Dämonisierung der Feinde

Im Leitartikel der Haaretz vom 2. Juli heißt es: „Der Premierminister, der vorgestern den Vergleich zwischen Juden und Arabern zog, behauptete, dass 'uns eine breite und tiefe moralische Kluft von unseren Feinden trennt: Sie heiligen den Tod, wir das Leben; sie heiligen die Grausamkeit, wir das Erbarmen.' Eine Entführung und Ermordung eines arabischen Jungen – wenn sich erweisen sollte, dass sie von Juden vollführt worden ist – wird diesen pauschalisierend verlogenen Vergleich zerstören.“

Wohl wahr, aber es bedarf nicht erst eines Beweises in diesem konkreten Fall, um zu dieser Schlussfolgerung zu gelangen. Denn die Instrumentalisierung privater Tragödien zu „kollektiven“ Zwecken ist eine ideologische Praxis, in der sich die israelische politische Kultur seit Jahrzehnten übt und es zur wahren Meisterschaft gebracht hat.

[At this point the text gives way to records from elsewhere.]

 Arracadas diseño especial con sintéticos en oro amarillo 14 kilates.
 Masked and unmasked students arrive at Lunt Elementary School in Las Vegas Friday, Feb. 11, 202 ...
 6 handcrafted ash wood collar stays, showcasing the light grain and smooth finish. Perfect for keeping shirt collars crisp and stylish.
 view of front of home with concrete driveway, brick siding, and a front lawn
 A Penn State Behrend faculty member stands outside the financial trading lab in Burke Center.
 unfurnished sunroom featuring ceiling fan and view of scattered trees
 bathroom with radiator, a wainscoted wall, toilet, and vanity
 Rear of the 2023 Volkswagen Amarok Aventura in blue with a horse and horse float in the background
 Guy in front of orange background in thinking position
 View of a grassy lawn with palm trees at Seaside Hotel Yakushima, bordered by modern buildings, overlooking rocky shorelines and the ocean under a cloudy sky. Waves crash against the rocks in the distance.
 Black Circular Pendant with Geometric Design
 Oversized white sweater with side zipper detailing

Es will zuweilen scheinen, dass jede Gewalttat, die jüdischen Israelis (von palästinensischer Hand) widerfährt, den ideologischen Wortführern der israelischen politischen Kultur zupass kommt – sie ermöglicht die erwünschte Dämonisierung der Feinde bei Selbstvergewisserung der eigenen kollektiven Tugendhaftigkeit.

Dass dabei die Unsäglichkeit der von Israel betriebenen Okkupation, welche die palästinensische Gewalttaten erst eigentlich zeitigt, in den Hintergrund gerät, ist das latente Ziel der ideologisierenden Manipulation. Die Ausblendung des realen Kausalnexus gerinnt zur kollektiven Verblendung, zur nationalen Verdrängung des realen Wirkzusammenhangs persönlicher Leiderfahrung und privater Tragödien.

Netanjahu mag sich noch so manipulativ, noch so ideologisch-verlogen über den Vergleich von Juden und Arabern auslassen, er wird die private Katastrophe noch so selbstherrlich zu fremdbestimmten Zwecken funktionalisieren wollen, aber er wird letztlich nicht um den elementaren Vorwurf herumkommen, dass er es ist, der den Frieden mit den Palästinensern nicht nur scheut, sondern auch alles daran setzt, eine Struktur herzustellen, die die Möglichkeit eines solchen Friedens unterwandert, diese mithin mit allen ihm zur Verfügung stehenden Mitteln zu verhindern trachtet.

Er selbst stellt dabei nur die Personifizierung der ideologischen Gesamttendenz dar – jener Tendenz, die die palästinensische reaktive Gewalt zur Raison d’être seiner friedensfeindlichen Politik hat verkommen lassen. Nicht zuletzt das ist es, was an der staatlichen Trauer um die ermordeten Jugendlichen so perfide scheinheilig erscheint.